Be Aware of your Surroundings:
Be aware of your backgrounds while snapping selfies. You may capture something unexpected in your shot. Also, if you’re in public, don’t think that nobody notices you snapping away at yourself. It’s better to be short, sweet and relatively undetected when shooting selfies in public. Others may laugh at you otherwise. We would.

Make it Interesting:
Don’t be too posed, take it too seriously or make it too calculated when it comes to the selfie. Do something interesting and conversation-worthy rather than simply snapping a close up shot of your face (no matter how well edited that shot may be). This could mean a shot of you at a theme party dressed in a ridiculous hat or makeup, with a pet, on a roller coaster, or at the zoo in front of a giraffe… you get the point. 

Be Strategic with Social Media Selfies:
Selfies are seemingly designed for social media profile pictures. There is nothing wrong with the odd strategic selfie, especially if used as a profile picture, but a Facebook or Instagram profile that is oversaturated with selfies either makes you look full of yourself or like you have zero friends (aside from yourself, of course). 

Bathroom Selfies are Usually Not Okay:
When we think bathroom selfies, we think teenaged girls who’ve spent hours locked in the bathroom straightening or curling their hair and applying their makeup, then taking at least 20 shots before they get it just right and are ready for social media upload eagerly awaiting an accumulation of “likes.” We are going to go out on a limb and say that bathroom selfies are usually not OK for anyone over the age of 25, unless done very strategically. Even worse than selfies in the bathroom are selfies in bed; nobody should see those, except, of course, if you are sending them to your significant other.
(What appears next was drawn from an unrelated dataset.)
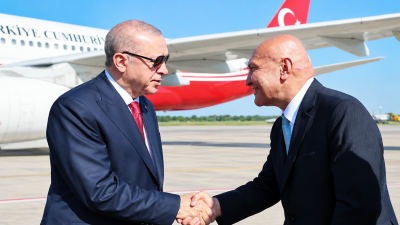 Samsunspor Başkanı Yüksel Yıldırım, Cumhurbaşkanı Recep Tayyip Erdoğan ile havaalanında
Vacation Selfies Make the Most Sense:
Especially if you’re travelling alone and want to capture that amazing sunset, ocean, mountain or rain forest in the background, have no shame in snapping a few selfies. Vacation selfies don’t tend to be so calculated, posed or carefully selected only after being taken a million times. As a matter fact, they should be more fun and spontaneous. Who cares if your hair is blowing in the wind or you’re makeup free – you’re capturing the moment.

Selfies with Others Usually Suck:
Let’s be honest, especially when taken with smartphones, selfies with one or two others usually end up on the cutting room floor when it comes to making it onto social media sites or albums. Taking a selfie of yourself is difficult enough, trying to fit more people in inevitably will result in many more tries to get that perfect shot, rolled eyes from the people around you (whether in the front of the car or fellow partygoers in the bar) and a potential waste of time. Sometimes it works, but not usually.

Tips for the Perfect Selfie:

1. Please, don’t suck in your cheeks and make a kissy face, or (even worse) the loathed duck face. Try not to pose at all.

2. Angles are of utmost importance when it comes to selfies. Angle your body or face slightly to one side and angle your face downwards. Hold your phone high above your head and away from you at a 45-degree angle. Angling your camera slightly above yourself when taking a picture tends to be the most flattering.

3. Maintain a long “turtle” neck to avoid the double chin and don’t lose eye contact with the lens.  

4. Straight-on photos tend to flatten you out, so avoid being dead centre in the photo; it can look very mug shot-esque.

5. Early morning (just after sunrise) or late afternoon (just before sunset) is the ideal time for lighting.

6. Relax, be comfortable and confident. Own it.